Turn out the lights and hide. Everyone be quiet. Got your party horns and confetti? Here they come … get ready to hit the lights and shout.
Here are the top surprises through five weeks:
Patterson has been a total revelation for the Falcons in his first season in Atlanta — and precisely no one saw this coming. First off, after averaging more than twice as many targets (41) as carries (20.9) in his first eight pro seasons, Patterson is now primarily a running back, and with 173 rushing yards and five games so far, he’s already near his career high (232, set last year) in a single season. More importantly, his versatility has made him a weapon out of the backfield and split out wide, as Patterson is the only player in the NFL with one or more receiving touchdown from every target depth (behind the line of scrimmage, short, intermediate and deep) this season. Matt Ryan hasn’t been afraid to target Patterson no matter where he lines up, throwing four touchdown passes to him in their first five games together, including a three-touchdown outing in a high-flying loss to Washington in Week 4. The Falcons have a ways to go in terms of improving their roster, but the former first-round pick’s contributions in his age-30 season have made this team an exciting watch on a weekly basis.
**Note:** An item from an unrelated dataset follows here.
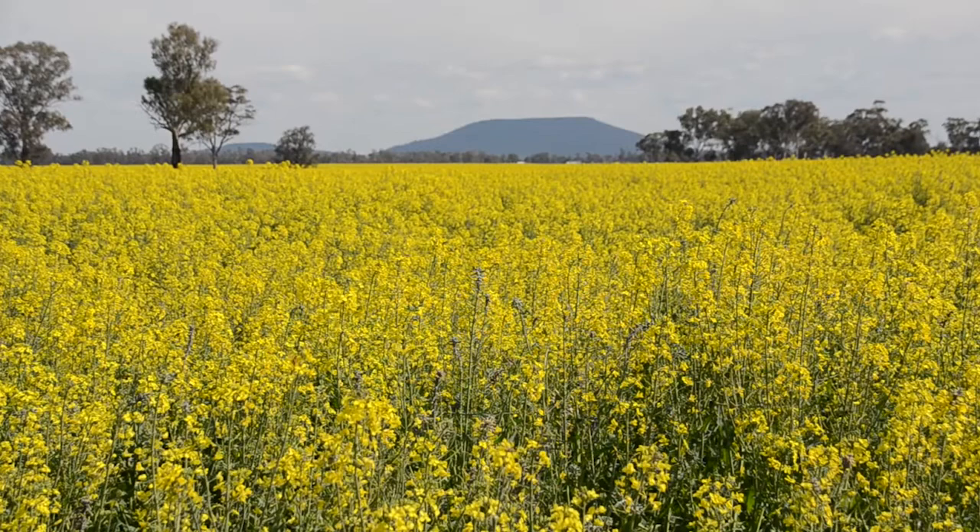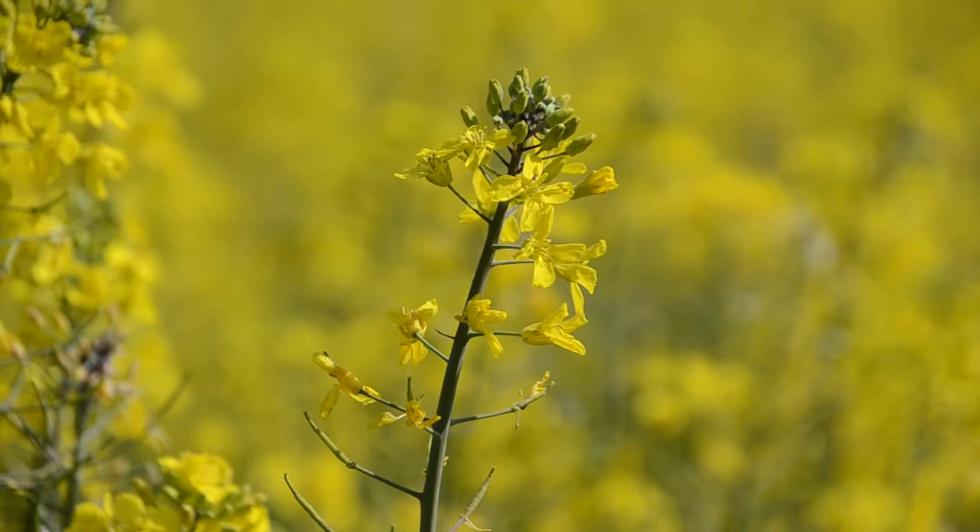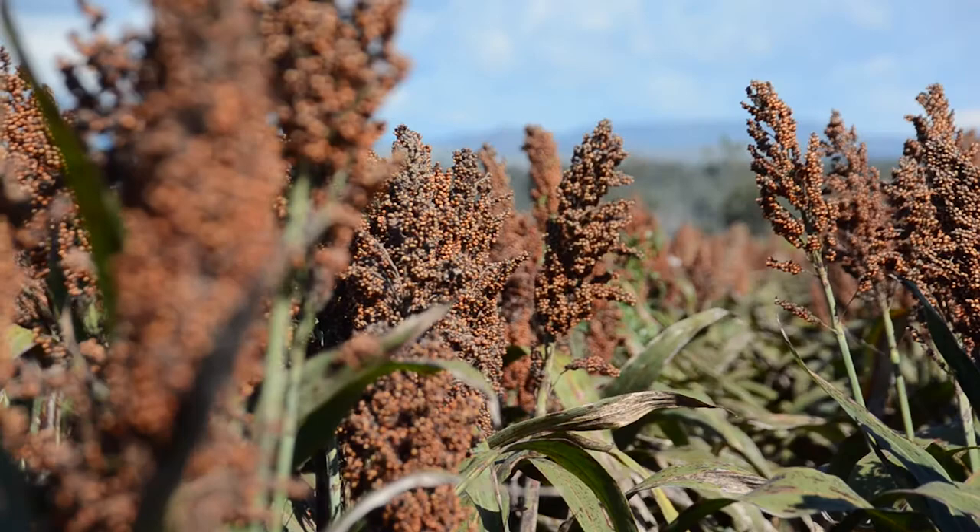As far as Rutherglen Bug goes, we're very interested in the management of Rutherglen Bug populations that build up in canola and then come out of the canola stubbles into adjacent summer crop and the damage that it does there.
Diggs landed on our list of potential first-time MVP candidates last week, and he only continues to build his case with each week. Diggs recorded yet another interception in Week 5, bringing his total to a league-high six and marking his fifth straight game in which he picked off an opposing passer at least once. He’s on pace to record an outrageous 20 interceptions in 2021 — and while most would see that as unsustainable, it remains possible at this point. He’s shutting down expected completions, too, recording the second-lowest completion rate over expected allowed at -18.1 percent. Only Buffalo’s Taron Johnson is better in this regard. Boosted by his interception total, Diggs is dominating target expected points allowed at -29, nearly twice as many as the next closest defender. Diggs’ penchant for takeaways has vaulted him toward the top of the ranks of game-changing cornerbacks. Most everyone expected from the second-rounder in his second NFL season, but nothing like this.
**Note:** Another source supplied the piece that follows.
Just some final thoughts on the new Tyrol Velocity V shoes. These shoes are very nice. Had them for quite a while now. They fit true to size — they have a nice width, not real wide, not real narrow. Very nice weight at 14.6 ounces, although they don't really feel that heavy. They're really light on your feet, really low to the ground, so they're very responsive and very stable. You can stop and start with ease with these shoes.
Chase spent the first month of the season calming preseason doubts about his hands. Since then, he’s already graduated to the next level, becoming a reliable big-play producer on a weekly basis — Chase has caught at least one touchdown pass in all but one of his first five games. He’s already tied the record for most deep receiving touchdown receptions (four) by a rookie in a season since the Next Gen Stats era began in 2016, and he still has 12 games to play. Chase’s latest performance was his best in terms of yardage (159 on six receptions), and it included a 70-yard touchdown grab that pulled the Bengals to within two points of the Packers just before halftime. Chase is closing in on 500 receiving yards for the season, and he’s on pace to score 17 receiving touchdowns. He’s clearly Cincinnati’s top target after just five career games and is quickly proving that the Bengals made the right choice between him and Penei Sewell with the fifth overall pick in the draft.
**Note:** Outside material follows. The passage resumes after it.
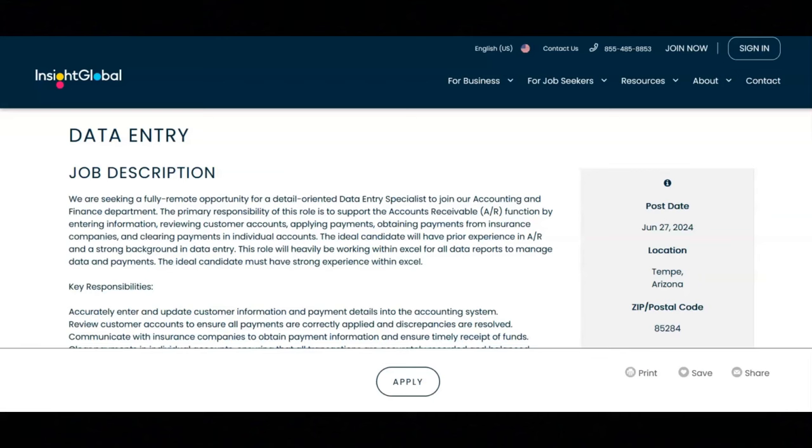The next job is with Insight Global and they are looking for a data entry specialist. Regarding the key responsibilities for this job, you would accurately enter and update customer information and payment details into the accounting system.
Hargrave has been a menace in the interior for the Eagles, who are receiving an incredible rate of production from their 2020 free-agent signing. Hargrave is already a half sack from matching his single-season high (6.5). He’s forced one fumble (recovered by Fletcher Cox for a touchdown in Week 3). And he’s matched his career high for tackles for loss (seven). A dive into the Next Gen Stats reveals an even more astounding fact: Hargrave’s current QB pressure rate of 21 percent is the highest for an interior defensive lineman with a minimum of 100 pass-rush snaps in the history of the Next Gen Stats era (dating back to 2016). We knew Hargrave was an effective interior lineman, but not like this. He’s become a force for Philadelphia — and that’s a welcome development for a defense that is still figuring out how to best utilize Cox in new coordinator Jonathan Gannon’s first season at the helm.
Week 5 was Dawson’s Week — and his five-touchdown start to the season might just end up being Dawson’s Peak. Either way, Buffalo will take it. Knox is on pace to smash his previous career high for receiving yardage (388, set in his rookie season in 2019), racking up 261 through five games, and he’s already shattered his previous ceiling for receiving touchdowns (three). Knox teamed up with Josh Allen to make some Next Gen Stats history Sunday night in Kansas City, catching a 53-yard touchdown pass to help Allen become the first quarterback of the NGS era to be perfect and top 170 yards while posting two TDs on deep attempts in a single half. Knox made some history of his own against the Chiefs, becoming the first tight end to record three deep receptions in any game in the Next Gen era. His three touchdowns on targets of 10-19 air yards are tied with Indianapolis’ Zach Pascal for the most this season in the entire league. Knox has evolved from a traditional tight end who might make a key grab every once in a while to a legitimate option in an offense filled with them. (Stefon Diggs and Emmanuel Sanders, anyone?) Defenses might want to be extra careful to not allow him to slip into open space for another episode of Dawson’s Leak.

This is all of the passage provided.